New readers may wish to start at Understanding Climate : #1 - Components Of Climate.



--------------------------
Orbital variation


The earth's orbit around the sun is not quite a circle: this means that the earth is slightly closer to the sun at some times of the year than others. In 2010 the closest approach of the earth to the sun, perihelion, occurs on January 4, with earth at a distance of 91.402505 million miles 147.098074m km) from the sun.  Aphelion is on July 4, with the earth at 94.50913 million miles (152.097701m km) from the sun.


Due to precession, a very slow wobble in the earth's axis of rotation, which takes 22,000 years to complete one cycle, the earth's northern hemisphere points slightly towards the sun at perihelion at the moment.  11,000 years from now it will point away from the sun to about the same extent.  This seasonal effect is reversed for the southern hemisphere.


The "roundness", or eccentricity, of the earth's orbit varies over cycles of 100,000 and 400,000 years, and this affects how important the timing of perihelion is to the strength of the seasons.


Over thousands of years, the eccentricity of the Earth's orbit varies from nearly 0.0034 to almost 0.058 as a result of all planets exerting gravitational attractions on each other.



The eccentricity of the Earth's orbit is currently about 0.0167, nearly circular.  The semiminor axis is 98.6% of the semimajor axis.


The combination of the 41,000 year tilt cycle and the 22,000 year precession cycles, plus the smaller component due to eccentricity, affect the variation of summer and winter climate, and are thought to control the growth and retreat of ice sheets.  Frequent cooler summers in the northern hemisphere, where most of the earth's land mass is located, appear to occasionaly allow snow and ice to persist to the next winter, allowing the development of large ice sheets over hundreds to thousands of years. Conversely, frequent warmer summers shrink ice sheets by melting more ice than the amount accumulating during the winter.


Solar variation

The amount of radiation given out by the sun varies in different amounts over various timescales.  The most widely known cycle is probably the 11 year sunspot cycle.  The most widely know solar event is the Maunder Minimum.

It has long been believed intuitively that the sun and latitude between them affect climate.  Indeed, the word 'climate' comes from the Greek 'klimat', meaning a band or zone having a klimat - an angle to the sun - a zone of latitude.

William_Herschel, discoverer of Uranus and infrared radiation, speculated that solar variability might influence climate.  He collected data on the price of wheat, speculating that solar activity could be linked to relative crop abundance.  For example, he found periods in the 17th century, ranging from two decades to a few years, when hardly any sunspots had been observed, during which periods the price of wheat had been high.  His use of proxy data was not successful, but later researchers used similar methods to produce climate proxies.

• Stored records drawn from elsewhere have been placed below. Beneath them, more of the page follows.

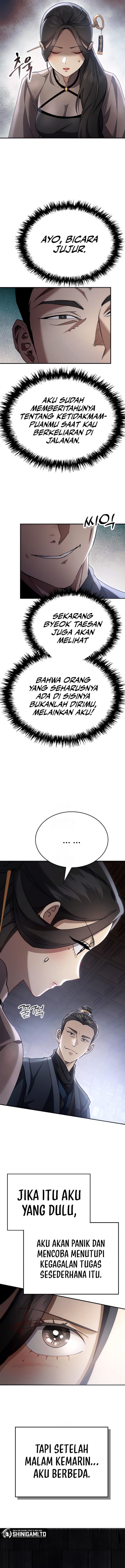 The Heavenly Demon Wants A Quiet Life Chapter 44 Gambar 10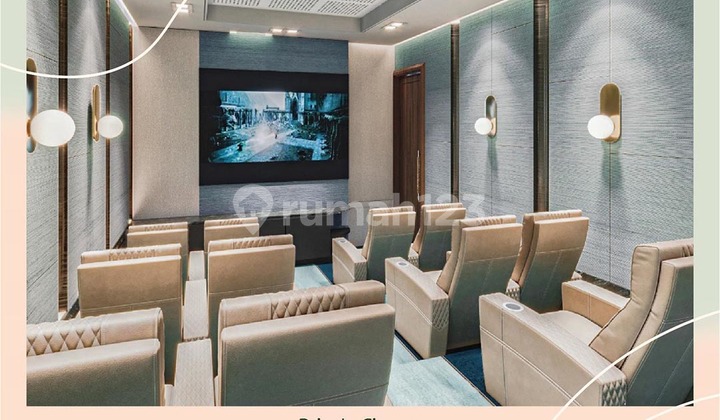 Podomoro Tenjo Rumah Tipe Deluxe 4 105m 9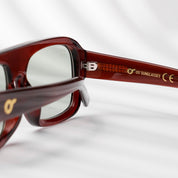 Sunglasses Occhiali ROMA VINO-C04 - SanShopLuxury - 2025, Accessori, Autunno/Inverno, Bellezza, Bordeaux, Carry Over, Continuativo, Donna, Idoneo, New, Occhiali, Primavera/Estate, Sunglasses, UNISEX, Uomo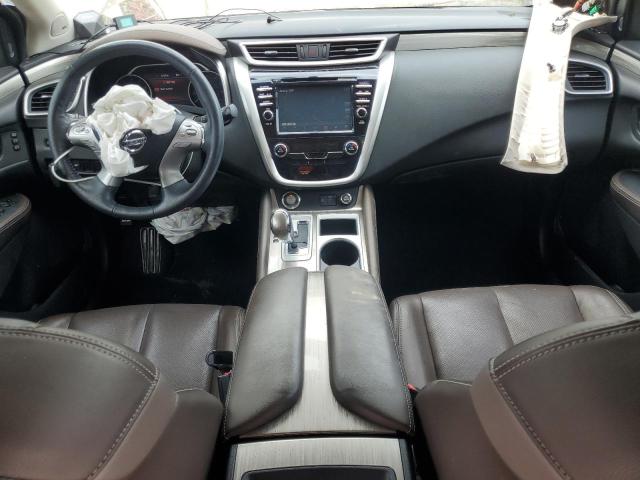  NISSAN MURANO 2018 Brown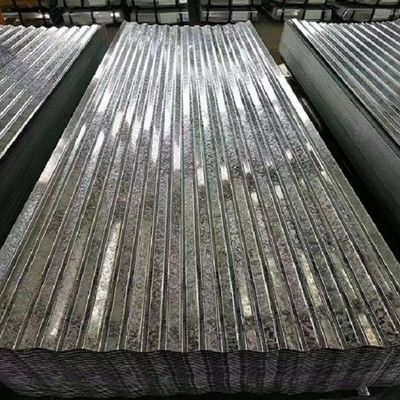 Coils d'acier galvanisé à chaud Q235 / Q345 pour l'industrie de la construction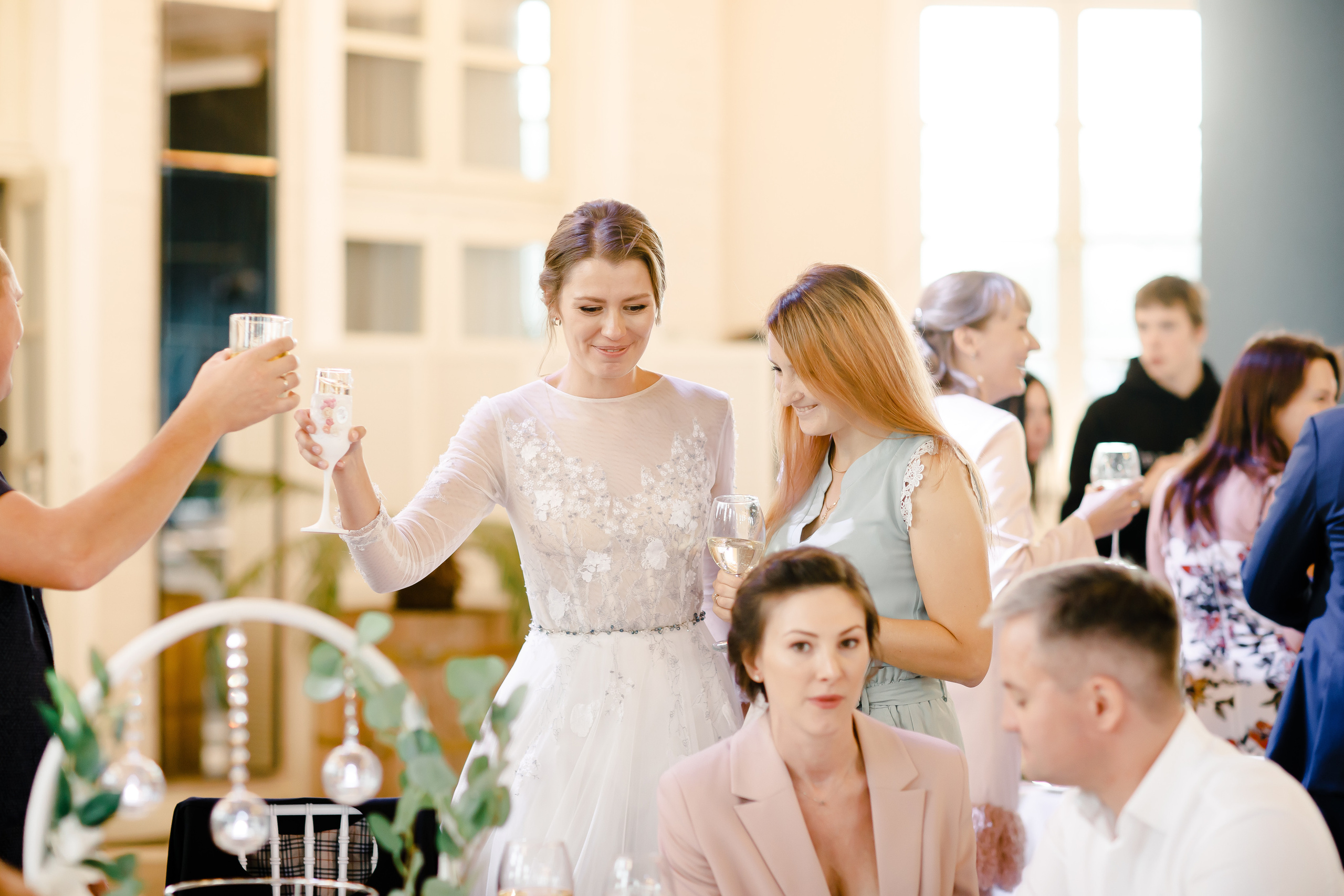 Дарья и Александр|Усадьба Царицыно. Свадебный фотограф Серпухов — Москва Ольга Васильева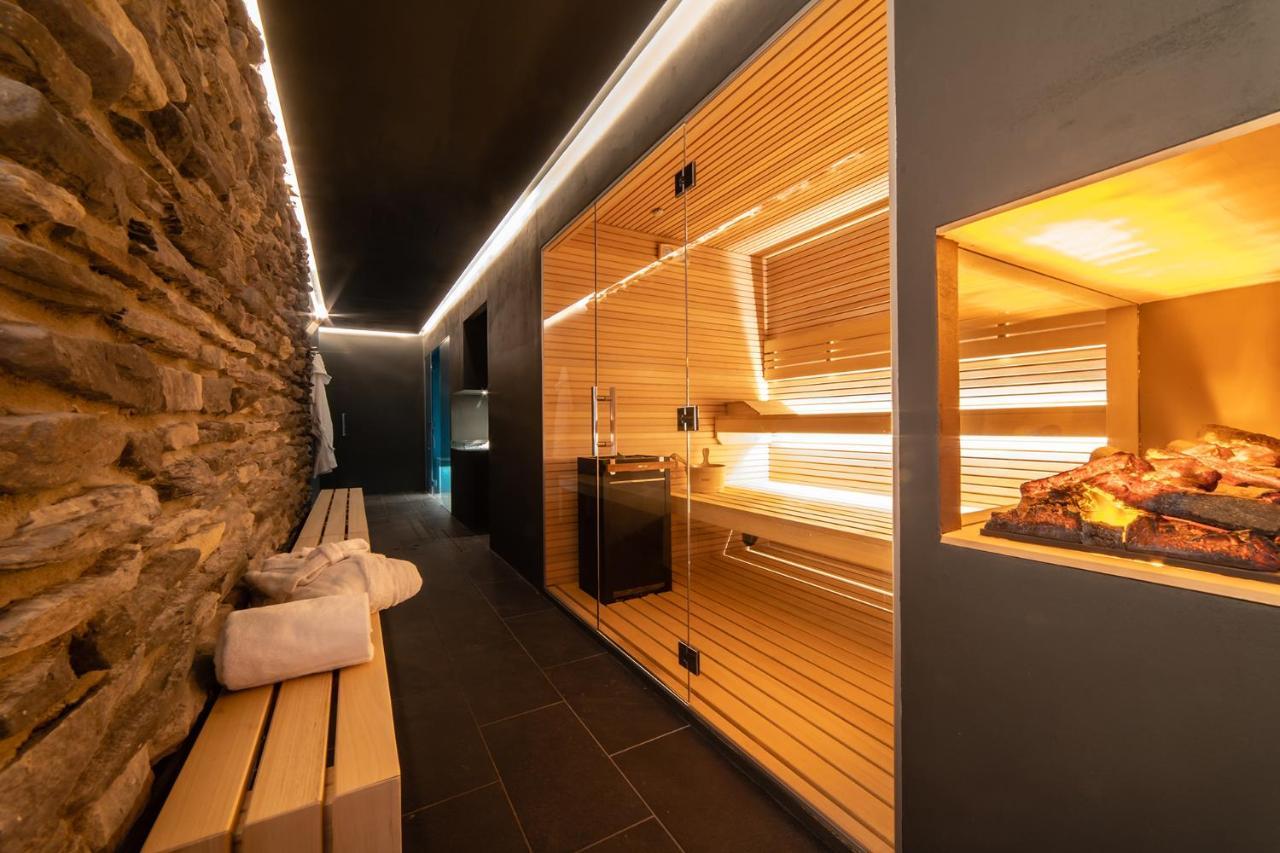 Hb Aosta Hotel & Balcony Spa Экстерьер фото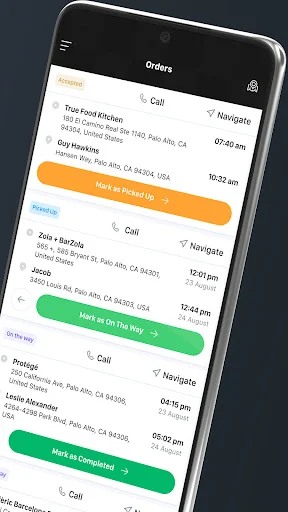 Download My Driver App Terbaru – Solusi Pengiriman Cepat - Screenshot 12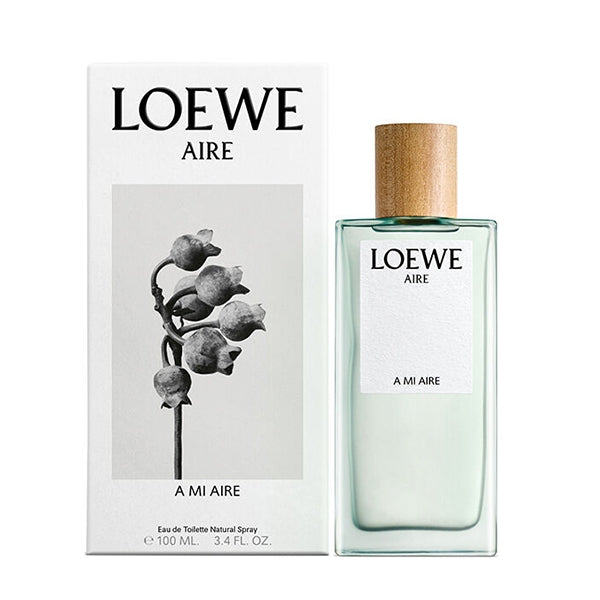 LOEWE Perfumes - A Mi Aire - Product box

Speculations multiplied about solar variation, particularly sunspot cycles, as possible causes of climate changes in historical records.  In order to make sense of historical data it was important to determine the level of accuracy of various records.  Over the years, statistical techniques were applied with various results.  Scientific views on the relationship of solar activity with climate raged from cautious to extreme.  So extreme were some views that by about the 1960s there were few scientists willing to seriously entertain the notion that solar variability was a main cause of short term climate variation.

As this is merely an introduction to the topic I will keep it short.  The 'solar variability' problem was this: some evidence from climate and sunspot researchers showed links between climate and solar activity.  Astrophysicists were inclined to believe that there had been no significant variation in the sun's output over the course of millions of years.

John_A._Eddy carried out a detailed investigation of the theories and records in order to determine whether or not solar output really varied enough to affect climate.  He found evidence of minimal sunspot activity during the so-called 'Little Ice Age' of the 16th-17th centuries.  This evidence had been recorded by William_Herschel, G.W. Spörer, and Edward_W._Maunder.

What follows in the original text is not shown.